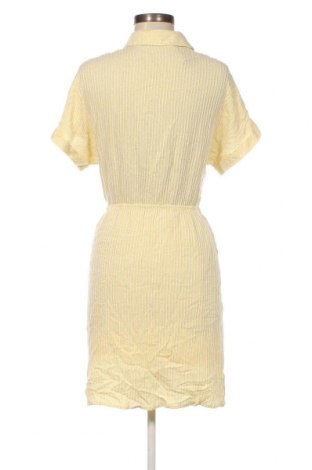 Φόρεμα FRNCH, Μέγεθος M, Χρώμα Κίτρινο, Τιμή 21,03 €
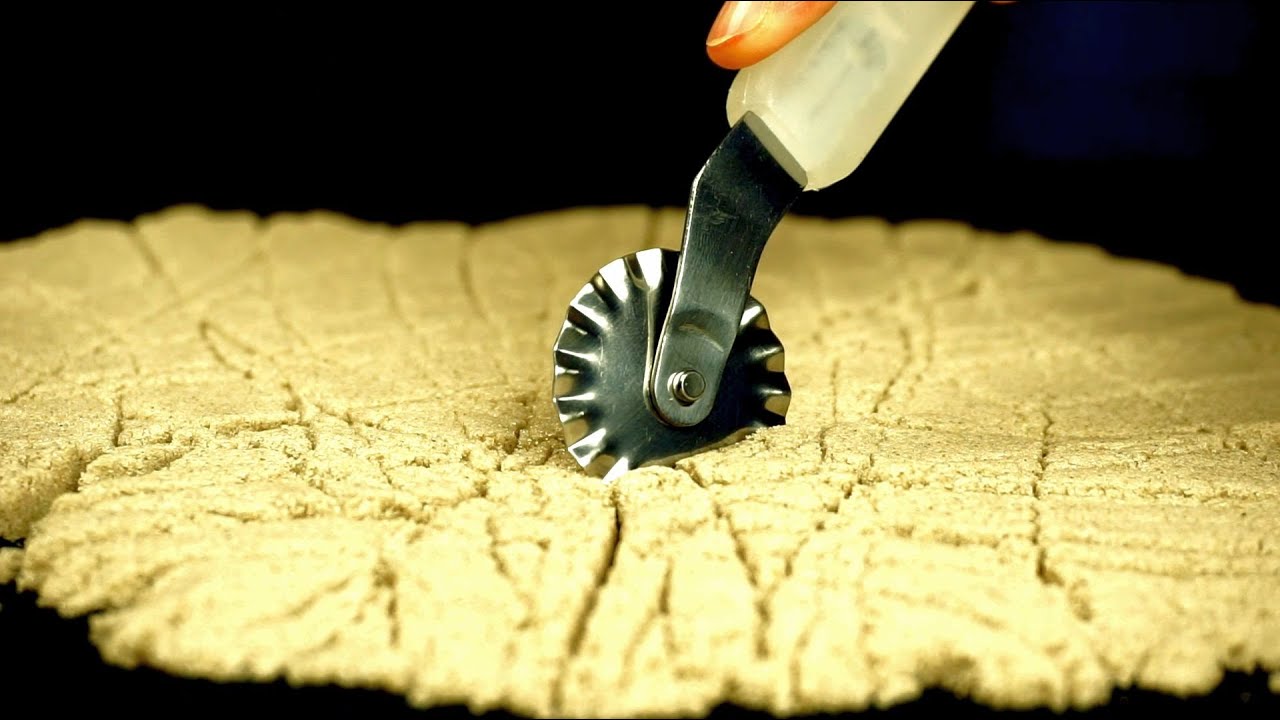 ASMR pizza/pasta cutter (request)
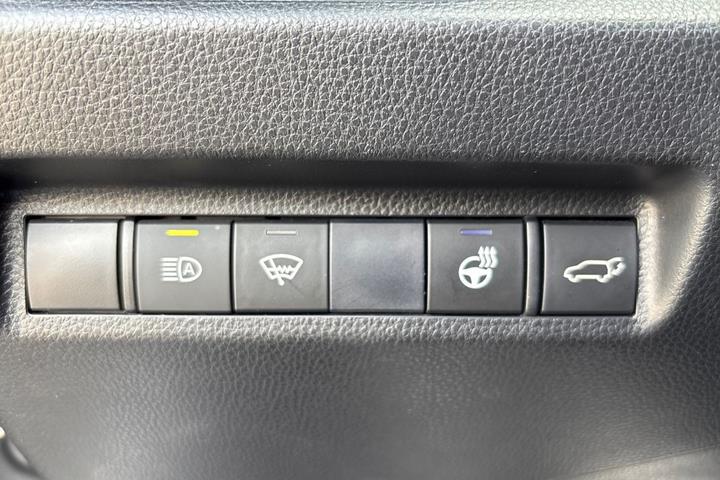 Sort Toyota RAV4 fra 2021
---
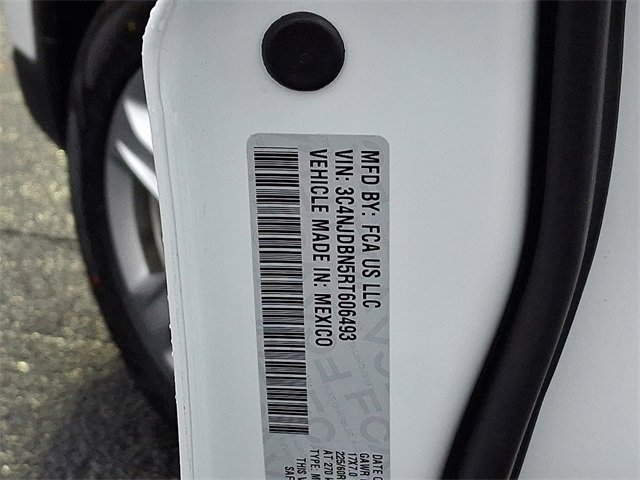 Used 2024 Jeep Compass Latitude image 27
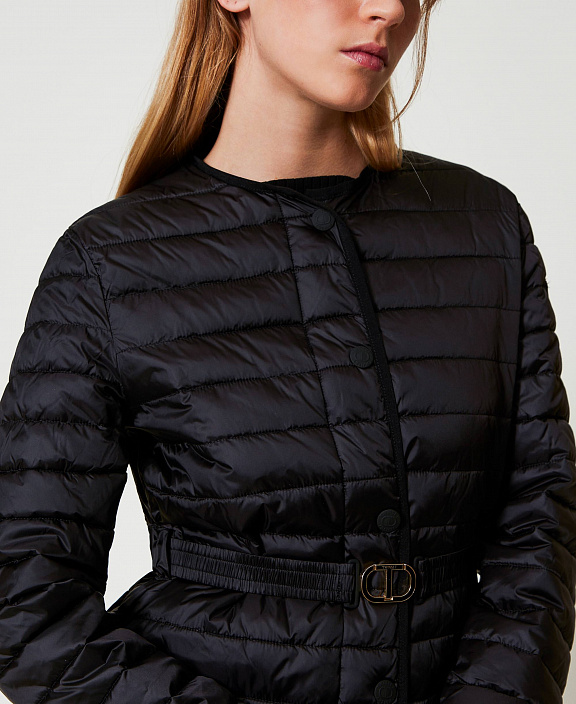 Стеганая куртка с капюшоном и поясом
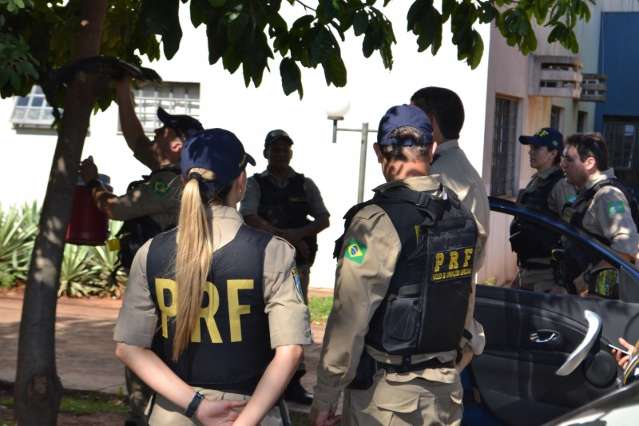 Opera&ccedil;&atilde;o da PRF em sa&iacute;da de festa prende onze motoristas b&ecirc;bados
--
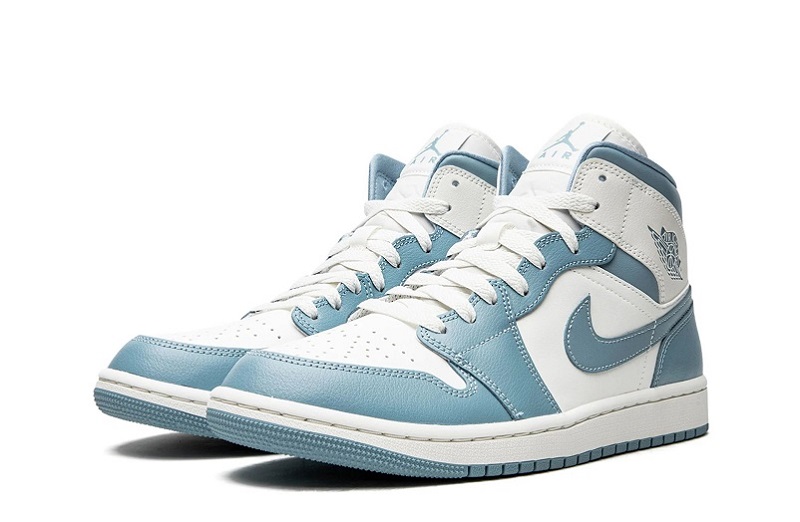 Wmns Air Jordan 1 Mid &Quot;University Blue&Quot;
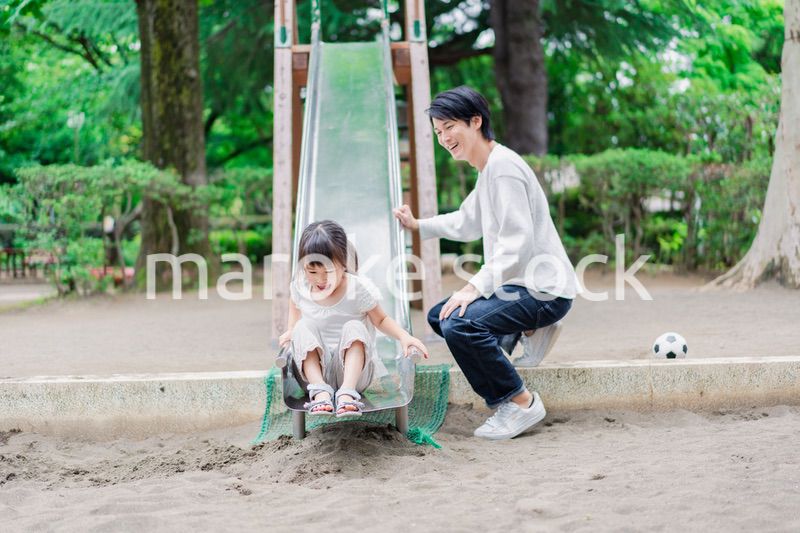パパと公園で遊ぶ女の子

** AIM OF THE TASK **
Lines wanted from the entries above: the one with "Used 2024 Jeep Compass Latitude image 27", the one with "Opera&ccedil;&atilde;o da PRF", and all lines between. Please copy them exactly, without the pictures and without anything else.

** EXERCISE OUTPUT **
 Used 2024 Jeep Compass Latitude image 27
 Стеганая куртка с капюшоном и поясом
 Opera&ccedil;&atilde;o da PRF em sa&iacute;da de festa prende onze motoristas b&ecirc;bados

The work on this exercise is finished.